**ABOUT THIS TASK**
An exact copy is needed of the lines from the one that contains "this 845×633 image." through the final line of the data below, with pictures left out.

**AVAILABLE DATA**
--- START ---

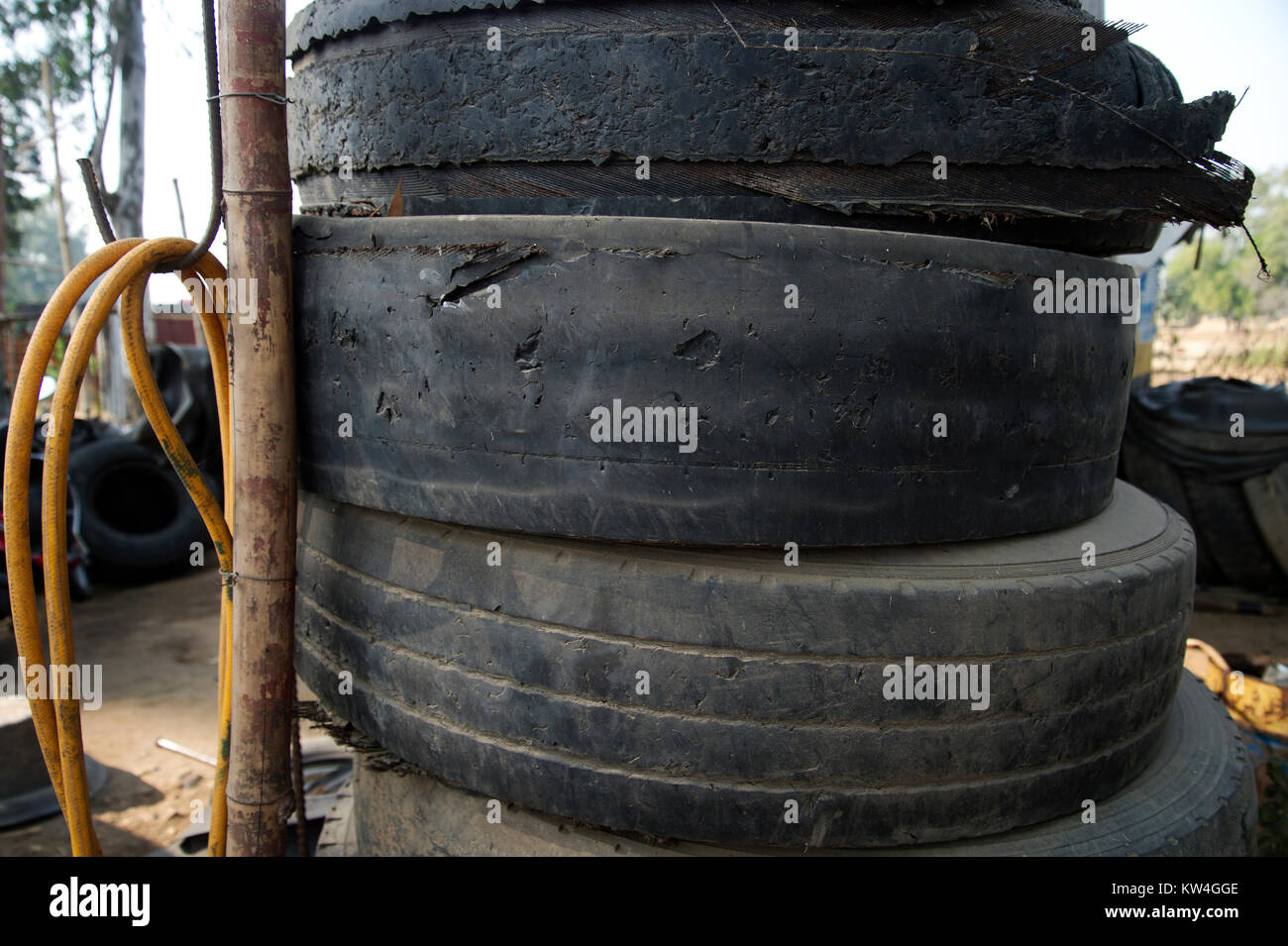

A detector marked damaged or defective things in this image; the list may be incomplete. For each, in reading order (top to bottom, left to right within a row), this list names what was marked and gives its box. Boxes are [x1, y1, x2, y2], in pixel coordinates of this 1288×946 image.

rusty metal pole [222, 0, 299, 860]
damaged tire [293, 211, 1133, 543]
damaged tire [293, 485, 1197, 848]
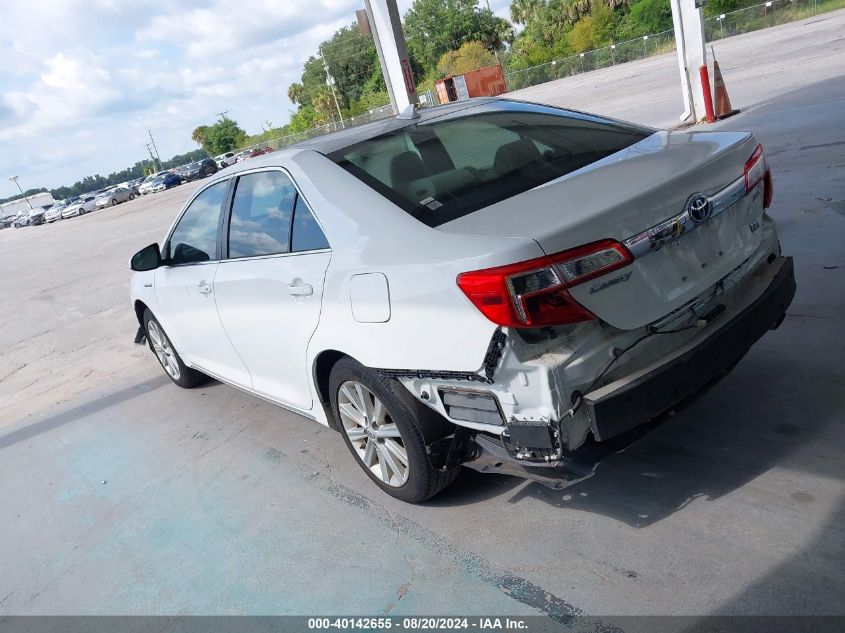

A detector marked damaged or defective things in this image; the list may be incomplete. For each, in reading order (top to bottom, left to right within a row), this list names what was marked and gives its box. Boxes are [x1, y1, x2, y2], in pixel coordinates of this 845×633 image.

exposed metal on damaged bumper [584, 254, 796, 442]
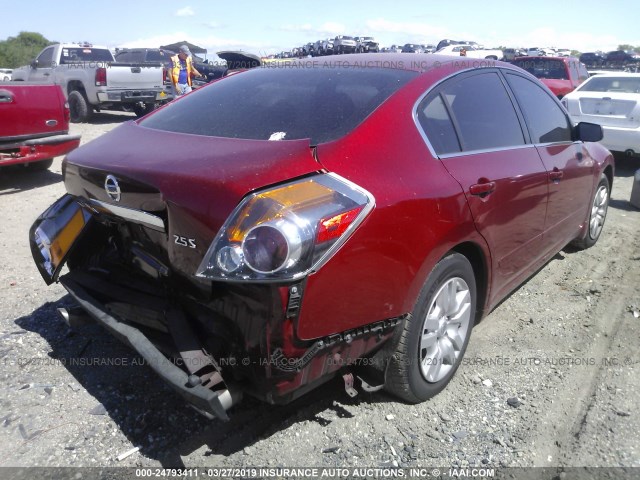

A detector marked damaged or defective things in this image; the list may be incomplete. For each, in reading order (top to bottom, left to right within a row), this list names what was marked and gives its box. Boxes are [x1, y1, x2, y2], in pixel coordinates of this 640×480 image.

--- END ---

**TASK SOLUTION**
A detector marked damaged or defective things in this image; the list may be incomplete. For each, in reading order (top to bottom, left to right within a row), this list names what was marked and gives its box. Boxes are [x1, y1, x2, y2], in pixel coordinates of this 845×633 image.

exposed metal on damaged bumper [584, 254, 796, 442]

A detector marked damaged or defective things in this image; the list may be incomplete. For each, in reading order (top to bottom, left to right within a row), this list names what was marked and gives its box. Boxes are [x1, y1, x2, y2], in pixel coordinates of this 640×480 image.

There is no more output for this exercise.